Re: [PATCH v19 6/7] crash: change crash_prepare_elf64_headers() to for_each_possible_cpu()

[Date Prev][Date Next][Thread Prev][Thread Next][Date Index][Thread Index]

 



Hello Eric,

On 06/03/23 21:52, Eric DeVolder wrote:
The function crash_prepare_elf64_headers() generates the elfcorehdr
which describes the cpus and memory in the system for the crash kernel.
In particular, it writes out ELF PT_NOTEs for memory regions and the
cpus in the system.

With respect to the cpus, the current implementation utilizes
for_each_present_cpu() which means that as cpus are added and removed,
the elfcorehdr must again be updated to reflect the new set of cpus.

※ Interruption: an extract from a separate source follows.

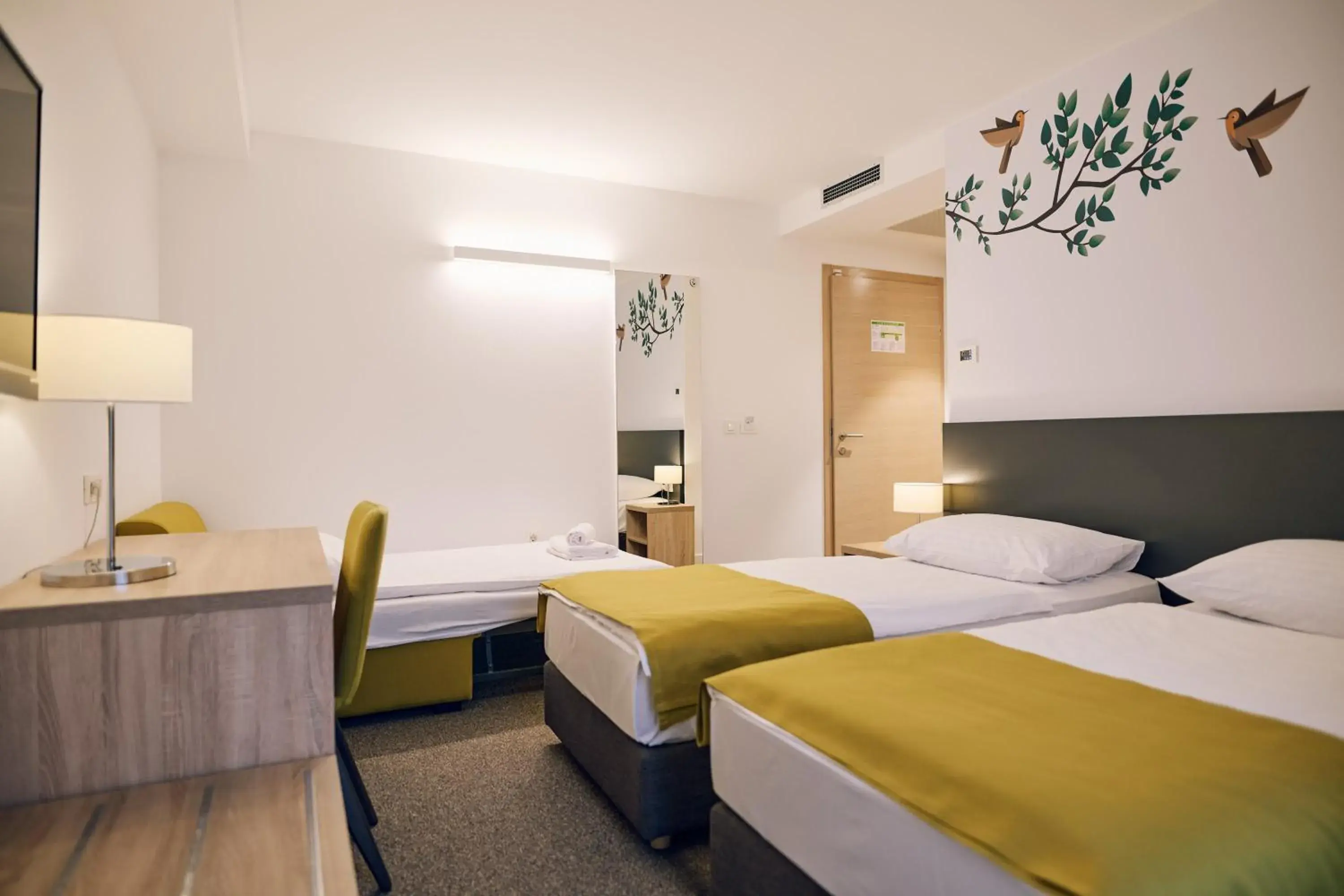 Standard Twin Room with Sofa in Hotel Park Superior 3* Standard Twin Room with Sofa in Hotel Park Superior 3*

The reasoning behind the change to use for_each_possible_cpu(), is:

- At kernel boot time, all percpu crash_notes are allocated for all
   possible cpus; that is, crash_notes are not allocated dynamically
   when cpus are plugged/unplugged. Thus the crash_notes for each
   possible cpu are always available.

- The crash_prepare_elf64_headers() creates an ELF PT_NOTE per cpu.
   Changing to for_each_possible_cpu() is valid as the crash_notes
   pointed to by each cpu PT_NOTE are present and always valid.

Furthermore, examining a common crash processing path of:

  kernel panic -> crash kernel -> makedumpfile -> 'crash' analyzer
            elfcorehdr      /proc/vmcore     vmcore

reveals how the ELF cpu PT_NOTEs are utilized:

- Upon panic, each cpu is sent an IPI and shuts itself down, recording
  its state in its crash_notes. When all cpus are shutdown, the
  crash kernel is launched with a pointer to the elfcorehdr.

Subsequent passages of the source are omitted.